Let's say I have two large trees in my backyard that are about 61" apart
and 69" and 59" in diameter. Unfortunately there is no branch for a swing
in the perfect place higher up between them, in fact the lowest branch is
on the other side on one of the trees, and it's about 20 feet high (I don't
think my ladder could reach it even if I wanted to).
Is there some way to affix a rope, maybe about 15 feet high, between the
two trees so I can string a swing from it? What's the best way to do this
without harming the trees and not have it slowly slip down? I thought this
might make a neat summer project. Thanks.

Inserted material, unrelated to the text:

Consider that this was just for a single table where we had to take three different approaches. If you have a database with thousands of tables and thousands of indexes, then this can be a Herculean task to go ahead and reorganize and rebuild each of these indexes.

Trees that size will not be harmer by screwing 1/2", 8" long eye bolts
into them. Predrill 1/2" pilot holes slightly angled downward and
coat the eye bolt threads with wax/parafin (latex works, too. Raw
latex is the natural "waxy" coating on leaves). 1/4" or 3/8" S hooks
to attach the swing's chains.
If you have some milkweed plants (Monarch butterfly caterpiller food =
latex), rub the leaves on the bolt threads, if you don't have a candle
If it was me, I would get a stout section of metal pipe, maybe 2" or so, and
hang it up in each tree (affix each end of the pipe with some rope,
replacing the rope every few years). From the metal pipe strung up high
between the two trees, you will have a location from which to attach your
swings - you always want at least two swings, as swinging is more fun with a
Finally some useful advice, many thanks! I notice you mention "swing's
chains" and chains might be a better way to go than rope, it would be less
likely to stretch or (if it's not a synthetic rope) rot.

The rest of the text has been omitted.